DLR-RM / stable-baselines3

PyTorch version of Stable Baselines, reliable implementations of reinforcement learning algorithms.
https://stable-baselines3.readthedocs.io
MIT License
9.18k stars 1.71k forks source link

IsaacGym Preview4 with Stable Baselines3? #1768

Open LyuJZ opened 12 months ago

LyuJZ commented 12 months ago

Hi, thanks a lot for the well-documented stable baselines3. Now I am using Isaac Gym Preview4. May I ask if it is possible to give some examples to wrap IsaacGymEnvs into VecEnv? I noticed this issue was mentioned before. And some tips have been given in the issue https://github.com/DLR-RM/stable-baselines3/issues/772. However, it seems it is for Isaac Gym Preview3. Could you give one example for Isaac Gym Preview 4?

Checklist

araffin commented 12 months ago

Hello, what have you tried so far (see also links in our doc, please provide minimal and working code) and what is the current issue?

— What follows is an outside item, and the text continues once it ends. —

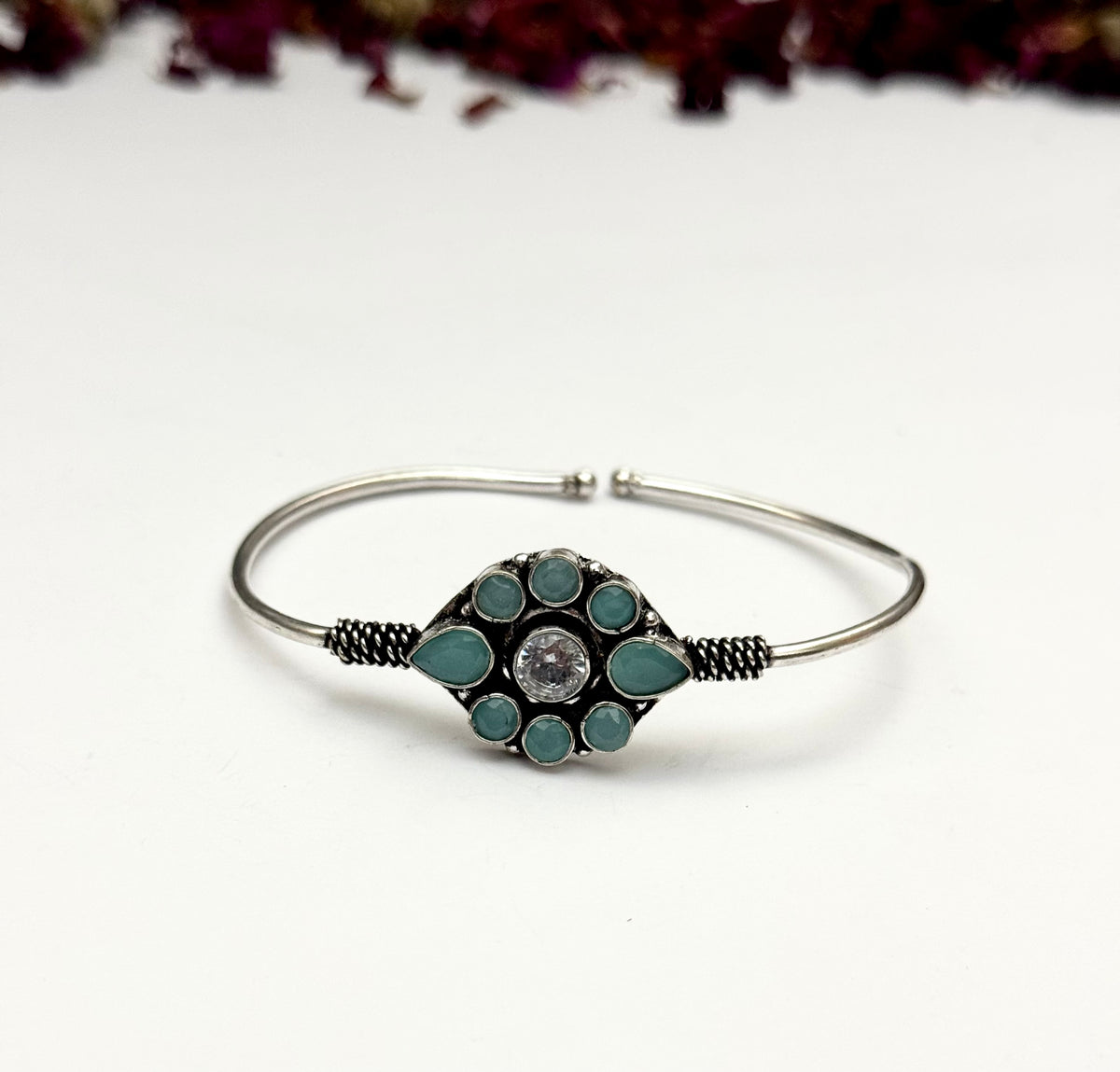 Premium German silver Oxidised Adjustable Bangle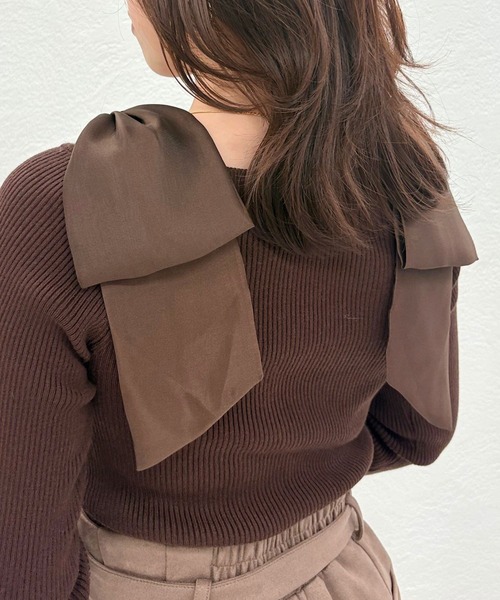 31 Sons de mode（トランテアン　ソン　ドゥ　モード）の「2025秋冬新作 肩リボンシアーニット（ニット/セーター・レディース・ラベンダー/ブラウン/ピンク/オフホワイト・ﾌﾘ-）」の15枚目の写真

LyuJZ commented 12 months ago

I tried to create a wrapper based on this template. The following is my code

import isaacgym
from isaacgymenvs.tasks.base.vec_task import VecTask
from isaacgymenvs.tasks.kuka_reaching import KukaReaching

import hydra
from omegaconf import DictConfig, OmegaConf

import gymnasium as gym
import numpy as np
import torch
from typing import Any, Dict, List

from stable_baselines3.common.vec_env.base_vec_env import VecEnv, VecEnvObs, VecEnvStepReturn

class Sb3VecEnvWrapper(gym.Wrapper, VecEnv):

    def __init__(self, env: VecTask):
        gym.Wrapper.__init__(self, env)
        VecEnv.__init__(self, self.env.num_envs, self.env.observation_space, self.env.action_space)
        self._ep_rew_buf = torch.zeros(self.env.num_envs, dtype=torch.float, device=self.env.device)
        self._ep_len_buf = torch.zeros(self.env.num_envs, dtype=torch.float, device=self.env.device)

    def get_episode_rewards(self) -> List[float]:
        """Returns the rewards of all the episodes."""
        return self._ep_rew_buf.cpu().tolist()

    def get_episode_lengths(self) -> List[int]:
        """Returns the number of time-steps of all the episodes."""
        return self._ep_len_buf.cpu().tolist()

    def reset(self) -> VecEnvObs:  # noqa: D102
        obs_dict = self.env.reset()
        # convert data types to numpy depending on backend
        return self._process_obs(obs_dict)

    def step(self, actions: np.ndarray) -> VecEnvStepReturn:  # noqa: D102
            # convert input to numpy array
            actions = np.asarray(actions)
            # convert to tensor
            actions = torch.from_numpy(actions).to(device=self.env.device)
            # record step information
            obs_dict, rew, dones, extras = self.env.step(actions)

            # update episode un-discounted return and length
            self._ep_rew_buf += rew
            self._ep_len_buf += 1
            reset_ids = (dones > 0).nonzero(as_tuple=False)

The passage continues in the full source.